One such group of materials is the precipitation-hardening stainless steels, eg 17-4PH which contain 17% chromium and 4% nickel.
g. Stainless Steel
A corrosion resistant alloy steel, which contains a minimum of 12% chromium. Chromium is the major element in a steel that provides an ability to resist corrosion. This effect is attributed to the formation of a thin protective oxide on the metal surface. Corrosion resistance can be increased by the addition of other alloying elements, eg nickel, molybdenum and copper. The main types of stainless steel are austenitic, ferritic, martensitic, duplex and precipitation hardening.
2.2.3 Codes and Standards
Codes and standards utilised for casing tubulars are wide ranging and include many organisations on an international basis. A Drilling Engineer needs to be aware that the generation of a well design and specification of the tubulars may require the use and study of a variety of codes, standards and guidelines. He should also ensure that the most up-to-date documentation is available, as all codes, standards and guides undergo periodic review and updates.
They include, but are not limited to the following:
American Petroleum Institute (API)
National Association of Corrosion Engineers (NACE)
Institute of Petroleum (IP)
American Society of Mechanical Engineers (ASME)
American Society for Testing and Materials (ASTM)
American National Standards Institute (ANSI)
International Standard Organisation (ISO)
2.2.3.1 API Codes – General Application
The most universally used standards relating to the specification of oilfield tubular goods has been and still is API.

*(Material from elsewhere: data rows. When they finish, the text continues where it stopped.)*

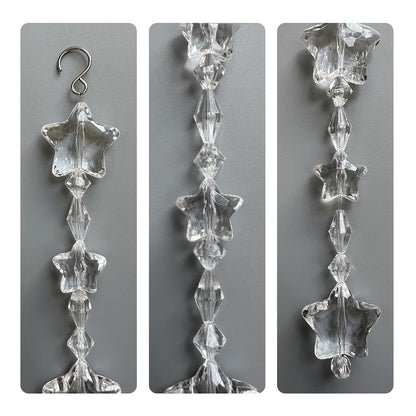 Clear Acrylic Crystal Ornaments Garlands for lampshade，Lamps, Chandeliers, Centerpieces and Christmas Trees (Star Clear Acrylic-12PCS)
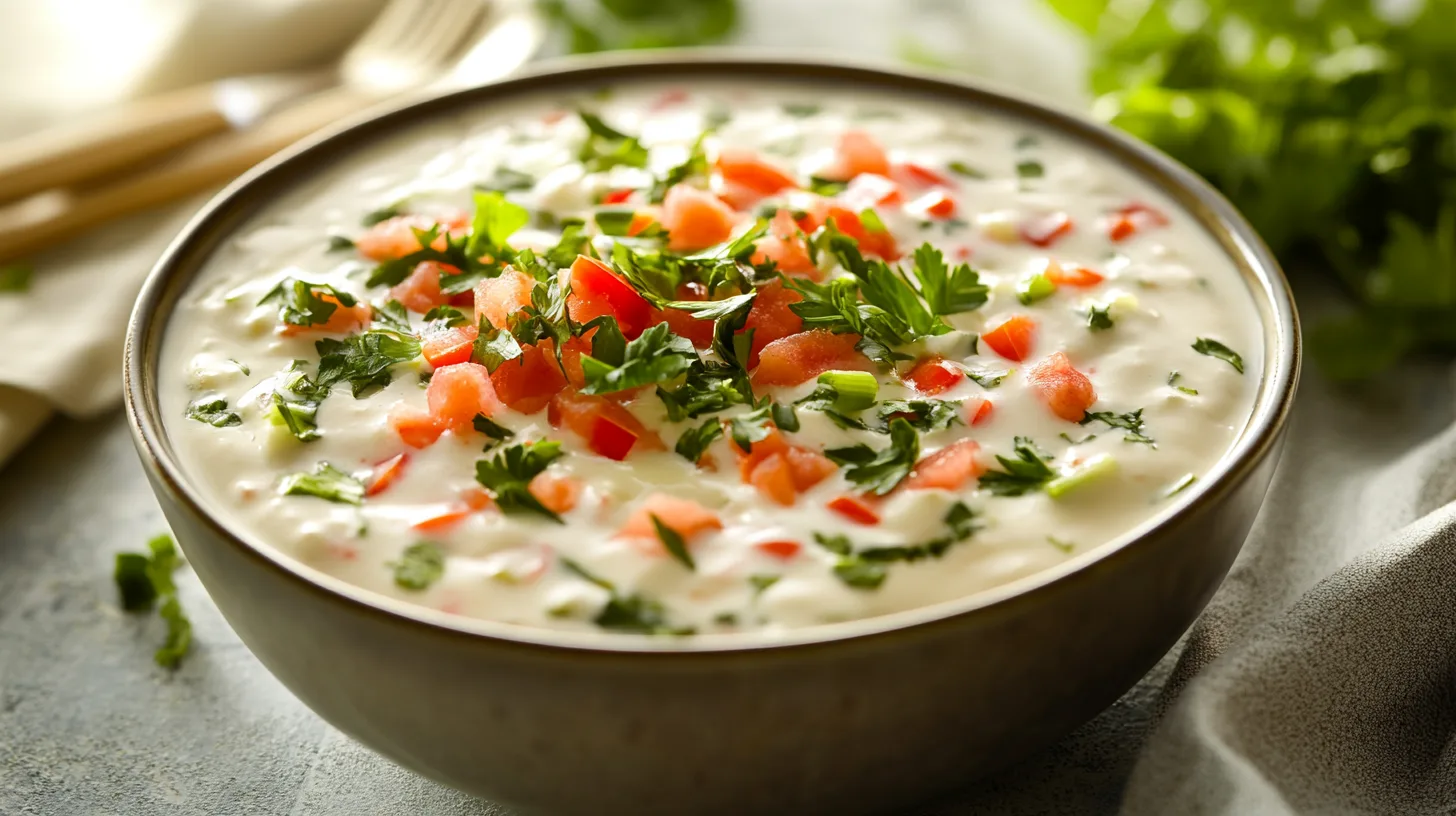 Bowl of creamy Hidden Valley Ranch dip with veggies and chips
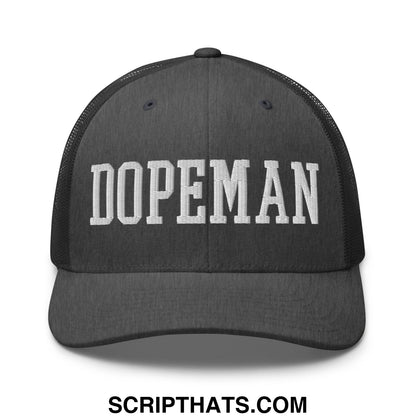 Black mesh Dopeman embroidered trucker hat featuring white lettering across the front panel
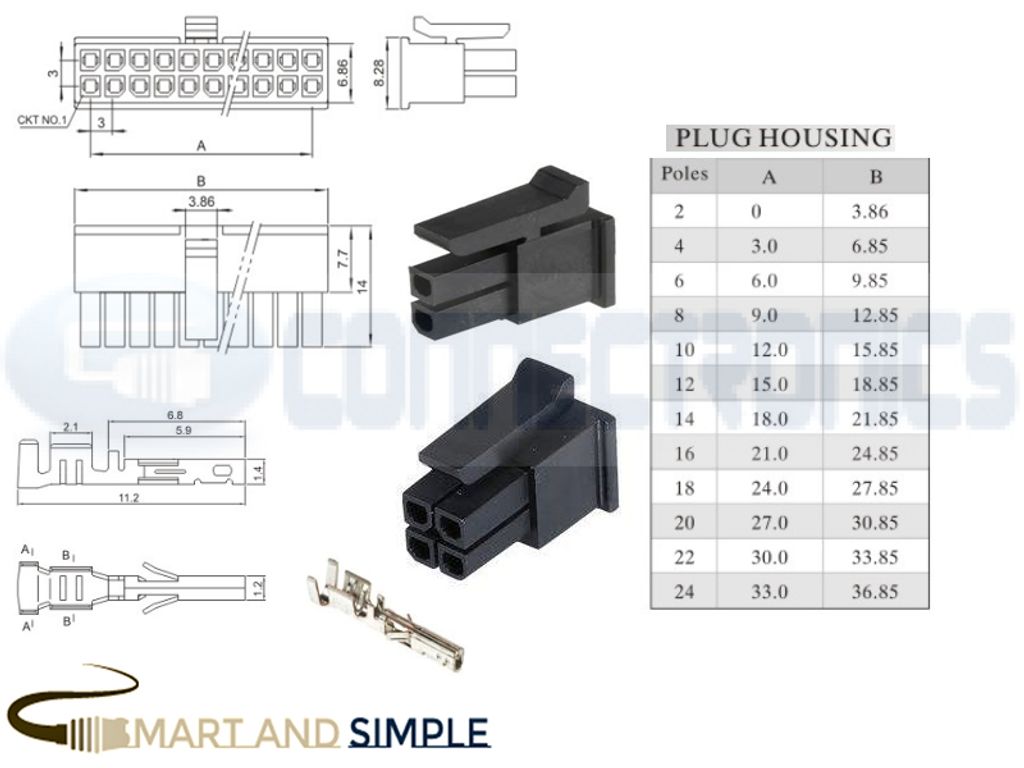 3.00mm pitch Pin socket Connector housing AWG28-22 5A 250V  43025  43030  30002  5556S  5557S .jpg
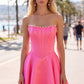 Unique Homecoming Dress Strapless Pearl Back to School Outfits Party Dress D7813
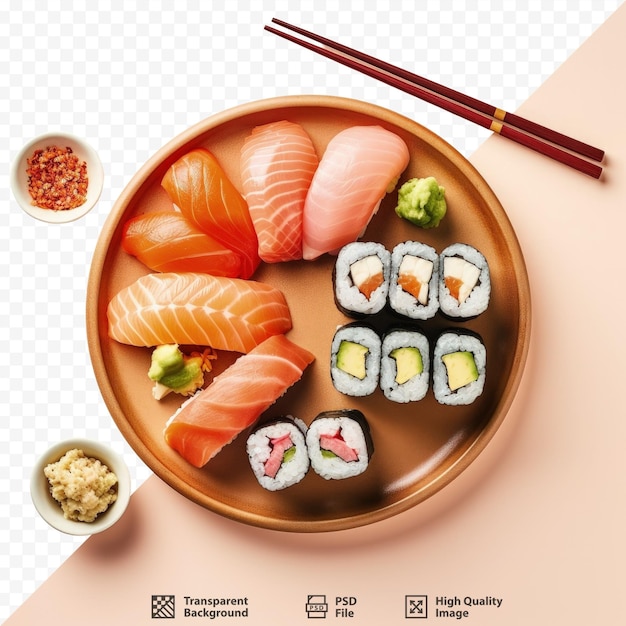 PSD vista de cima de um sushi definido em um prato um prato japonês popular e bem conhecido com pauzinhos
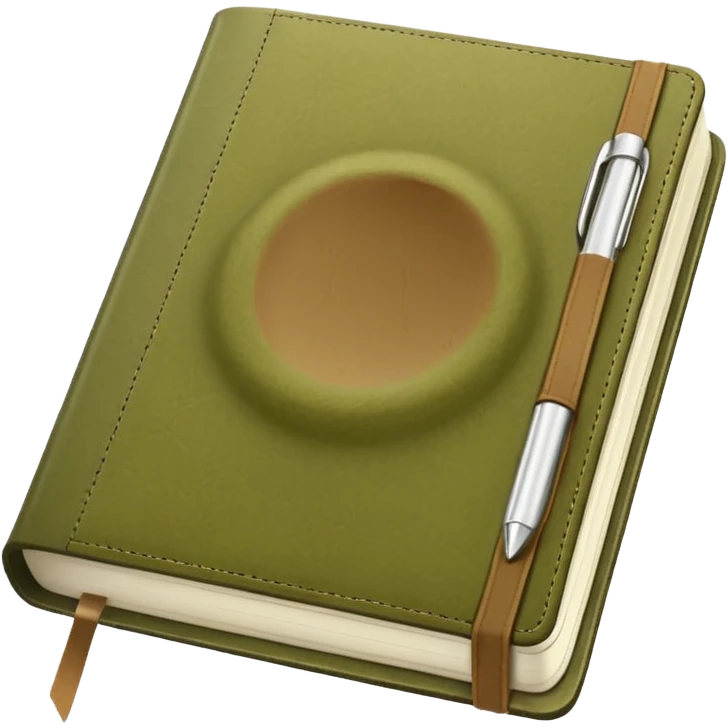Pale olive Planner open notebook emoji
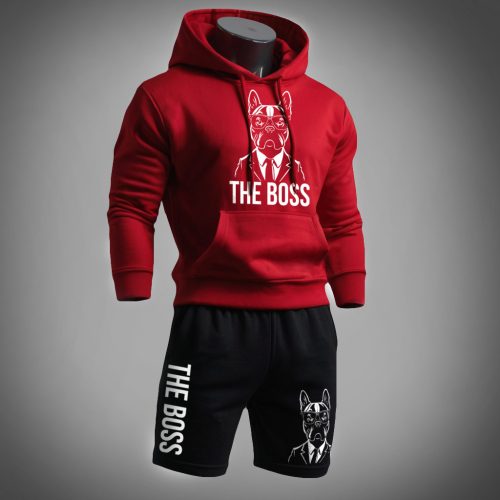 The boss - Francia bulldog  / Piros pulóver + fekete rövidnadrág
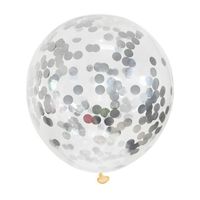 Konfetti-Ballon Set 30cm (silber)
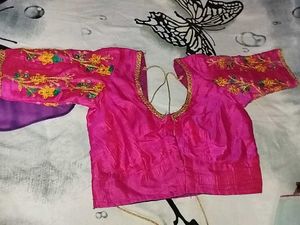 Elegant Floral Saree with Embellished Blouse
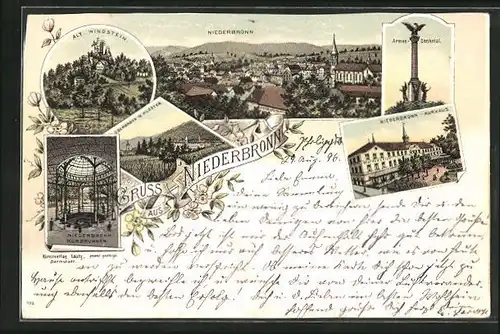 Lithographie Niederbronn, Armee-Denkmal, Alt Windstein, Totalansicht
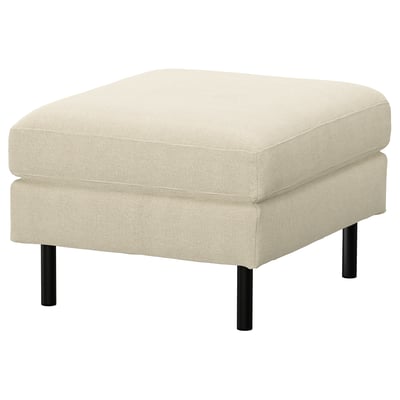 White upholstered footstool with black metal legs. Modern, square design. Ideal for extra seating or resting feet.
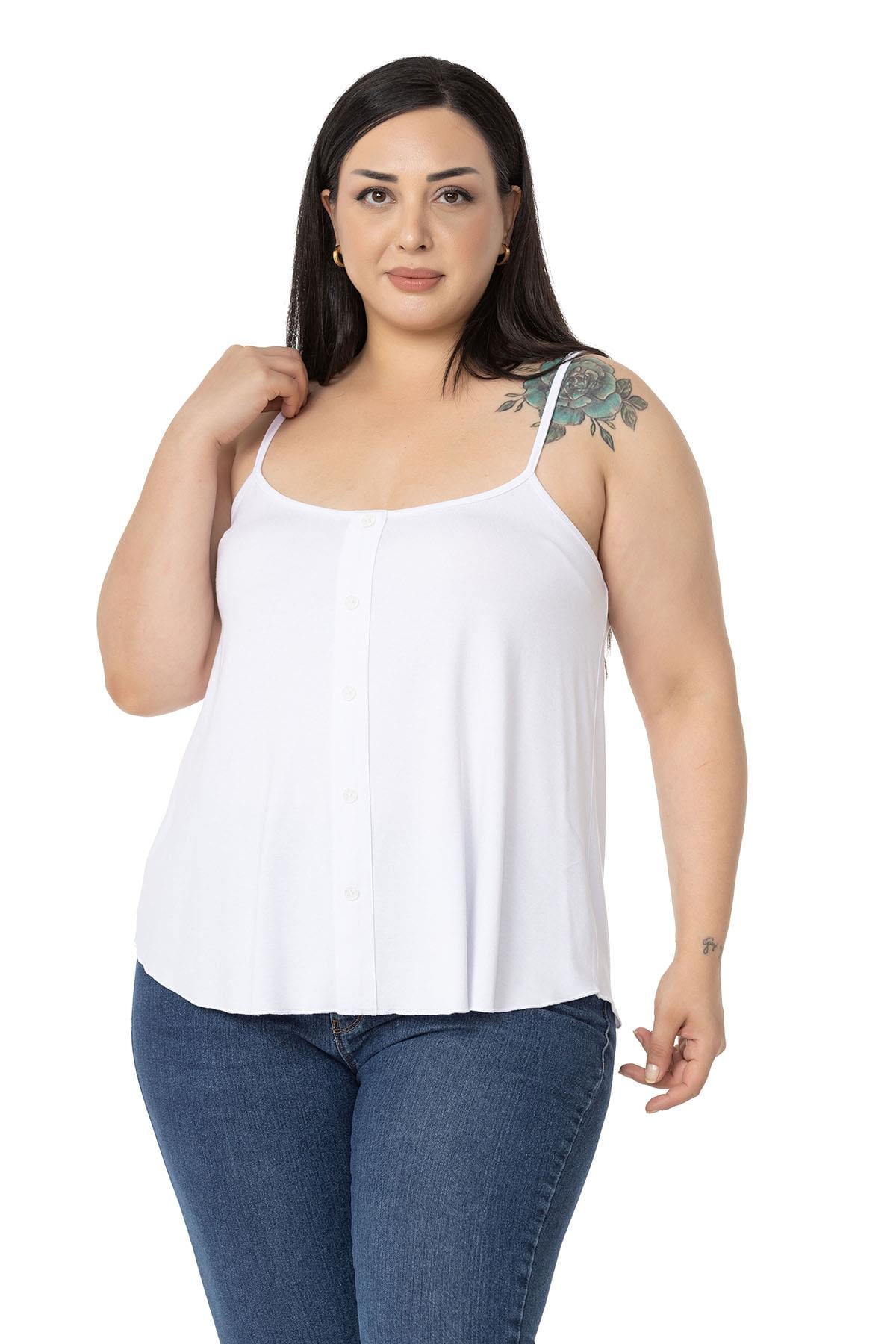 Plus Size Adjustable Rope Strap Decorative Buttoned Viscose White Blouse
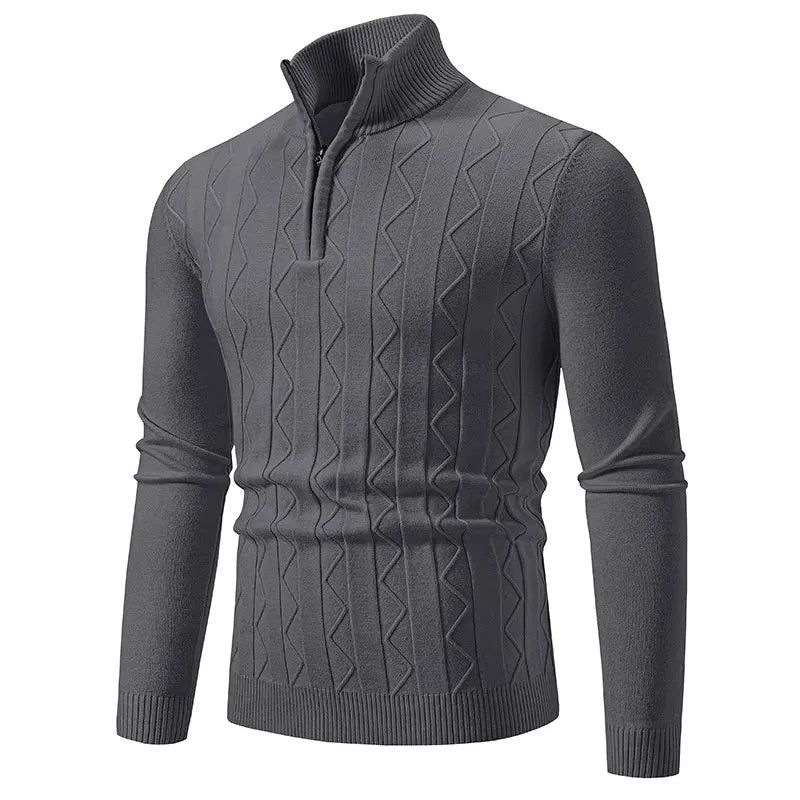 VaultHaus men's quarter zip sweater in grey with a textured diamond pattern for stylish layering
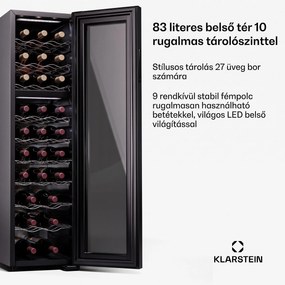 Klarstein Shiraz 27 Duo, borhűtő, 2 zóna, 83 l/27 palack, 5-18 / 5-18 °C, érintésvezérlés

API Committee 5 – Tubular Goods Specifications and Publications
The API appointed a committee, named Committee 5, on Standardisation of Tubular Goods which publishes, and continually updates, a series of Specifications, Standards, Bulletins and Recommended Practices covering the manufacture, performance and handling of tubular goods. They also license manufacturers to use the A-PI Monogram on material that meets their published specifications, so that field personnel can identify materials that comply with the standards. Their pronouncements are almost universally accepted as the basis for discussions on the properties of tubulars. However, this does not mean that everyone accepts the published performance data as the best theoretical representation of the parameters. The forum consists both of users and manufacturers.
API documents covering casing are grouped into three categories. 2.2.3.1.1 Specifications
These documents govern the manufacture, material properties and dimensions of Oil Country Tubular Goods (OCTG), threads and equipment. They are generally considered binding between buyer and seller if referred to in purchase orders. They would assist in specifying a well design.
2.2.3.1.2 Recommended Practices (RPs)
These publications provide recommended (but not necessarily binding) actions which should be followed when performing such activities as inspection. RPs are often utilised in the industry but are not generally considered binding upon the seller unless they were included as part of the purchase order.
2.2.3.1.3 Bulletins
These documents are published primarily for information purposes, though they may become part of a commercial contract if they relevant.
2.2.3.1.4 API Committee 5 Documents
The documents published by API relevant to casing design are: 1. API SPEC 5CT, ‘Specification for Casing and Tubing’.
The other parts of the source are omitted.